The inner and outer membranes of the nuclear envelope were detected using any of the three templates (atomistic, small STA, large STA; see Supplementary Movie 1). The atomistic and small STA templates performed roughly on par. Increasing the number of orientations (20, 10, and 2 degrees at 4-binned data with 8.704 Å/voxel) consistently decreased the background noise (Fig. 4), sharpening the peaks, and increased the confidence in the TM detection. False positives for the small templates (atomistic, small STA), e.g., from a microtubule segment (Fig. 4 left; see also Fig. 1) are suppressed by using the large STA template (or, visually, by recognizing the lacking 2D extension). However, the large STA model gives only a weak signal for curved membranes, pointing to the need for an expanded model set of membrane patches of varying curvature.
Although computationally expensive compared to other segmentation methods, template matching for membranes has several strengths. For example, the template matching output could be used as an initial annotation for training deep-learning algorithms.
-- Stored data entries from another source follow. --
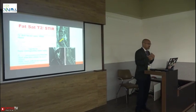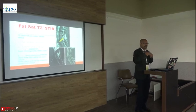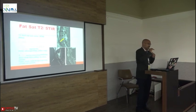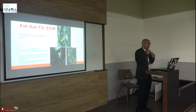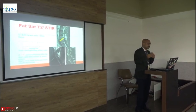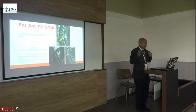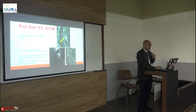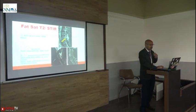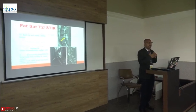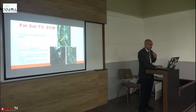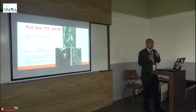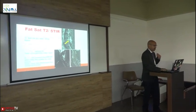Then we have the STIR image — Short Tau Inversion Recovery — in which the fat signal at the point where it reflects back to its normal energy is selectively nullified. The disadvantages are that mucin and methemoglobin are also nullified. However, it gives very good imaging. For example, in a small innocuous fracture, on MRI you can see mild disc injury and profound posterior ligamentous injury. Note that STIR images cannot be used with post-contrast MRI.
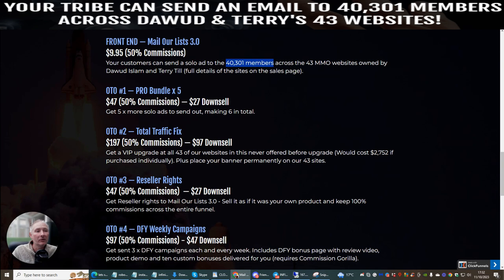OTO1 is the Pro Bundle times five. This basically gives you five more solo ads that you can send out, making it a total of six. It has an upsell of $47 with a downsell of $27.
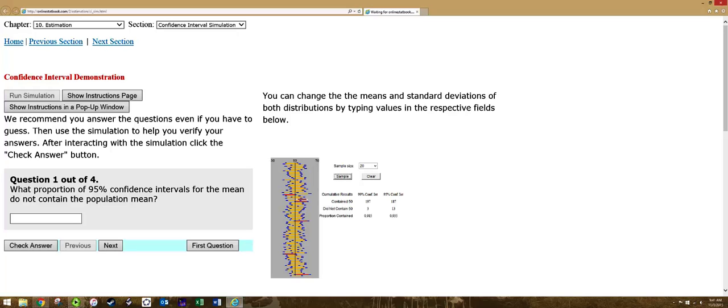And you notice that when we did that, going to sample size going up, it also improved this. So we got 98.5% and 93.5%. All right, so if you have any questions about that, just let me know.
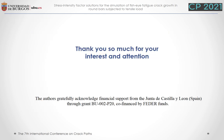Thank you so much for your interest and attention.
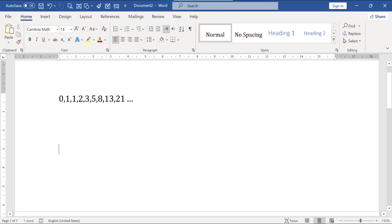But this child's play becomes interesting when you try to do something with these numbers. For example, by squaring all of the numbers in the Fibonacci series, you can create a very beautiful spiral pattern at the end. And that's what we are going to do in this video.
In addition, TM not only predicts the positions of the membranes in the tomogram but also provides voxel-by-voxel normal vectors, which in turn enables a detailed analysis of the local properties of the membranes. The latter could also be used as an automatic input for triangulation methods and/or as a starting point for simulations of membrane dynamics.
Detection of subunits and conformer subpopulations
We tested the ability of TM to localize subunits and assign substates of ribosomes, the NPC, and microtubule fragments. We generated templates for the subunits of the D. discoideum NPC according to its C8 symmetry, microtubule protofilaments, the small (40S) and large (60S) ribosomal subunits, and for two prominent 80S ribosome states capturing the ratchet-like motion essential for protein synthesis42.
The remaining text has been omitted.